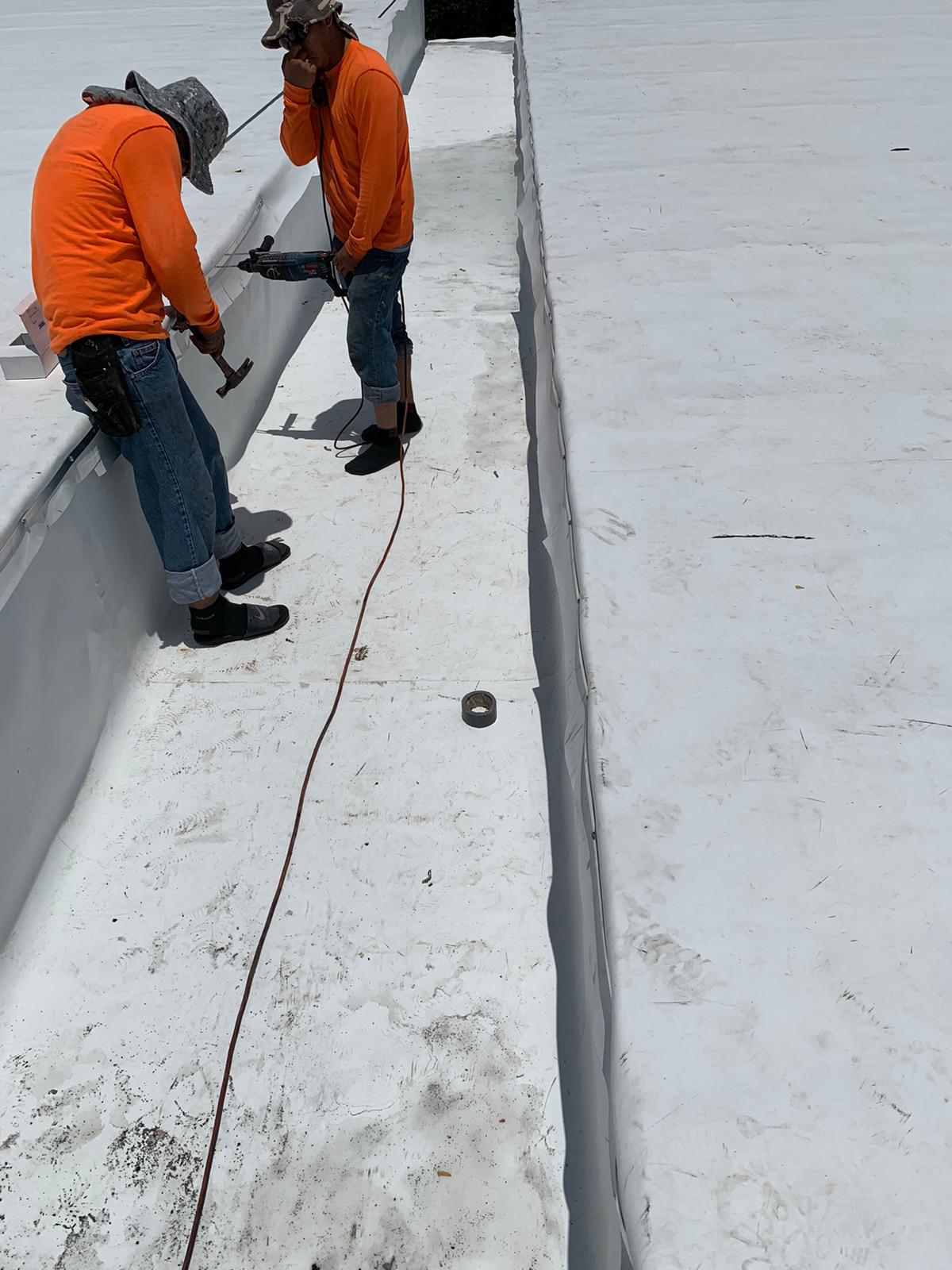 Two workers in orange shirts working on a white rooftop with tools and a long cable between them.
---
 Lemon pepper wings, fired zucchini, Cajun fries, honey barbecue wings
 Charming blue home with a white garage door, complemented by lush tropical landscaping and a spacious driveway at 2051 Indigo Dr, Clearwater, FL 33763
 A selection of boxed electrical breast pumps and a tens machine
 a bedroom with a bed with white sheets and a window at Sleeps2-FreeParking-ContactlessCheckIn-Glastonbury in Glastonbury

## WHAT TO PRODUCE
Restate word for word the lines in the material above from the one with "A selection of" to the one with "a bedroom with"; both of those lines count, and nothing else does.

## SOLVED PROBLEM
 A selection of boxed electrical breast pumps and a tens machine
 a bedroom with a bed with white sheets and a window at Sleeps2-FreeParking-ContactlessCheckIn-Glastonbury in Glastonbury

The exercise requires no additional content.